On April 12, 2016, the majority of a three-judge panel at the Eighth Circuit U.S. Circuit Court of Appeals held that a class action of Best Buy shareholders, led by the IBEW Local 98 Pension Fund, should not have been certified, and the lower court misapplied the U.S. Supreme Court’s 2014 decision in Halliburton Co. v. Erica P. John, 134 S.Ct. 2398 (2014). The case is IBEW Local 98 Pension Fund et al. v. Best Buy Co. Inc. et al., case number 14-3178.

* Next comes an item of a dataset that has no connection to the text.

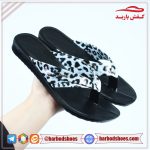 خرید دمپایی زنانه انگشتی مدل پلنگی کد C6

In Halliburton II, Chief Justice John Roberts’ majority opinion reaffirmed the fraud-on-the-market presumption of reliance established in Basic Inc. v. Levinson. Under Basic, courts may presume that if the stock is traded on an efficient market, (1) the market price of a stock generally reflects all public information about the stock, and (2) investors rely on the integrity of the market price. The presumption is rebuttable, however, and Halliburton II settled that defendants are entitled to rebut the presumption at the class certification stage by disproving the fact for which the presumption is a proxy: price impact.
The Eighth Circuit’s decision in Best Buy is the first circuit to apply Halliburton II.
In Best Buy’s case, at issue were allegedly misleading statements during a September 2010 conference call with analysts. The Eighth Circuit found that the defendants presented strong evidence through economic experts that the two conference call statements at issue in the case were not what elevated the company’s share price on a certain day. Rather, the company’s shares were driven up by an optimistic projection Best Buy made in a press release issued two hours prior to the conference call. However, the press release statement was deemed not actionable because it was considered a forward-looking statement covered by the safe harbor provisions of the Private Securities Litigation Reform Act.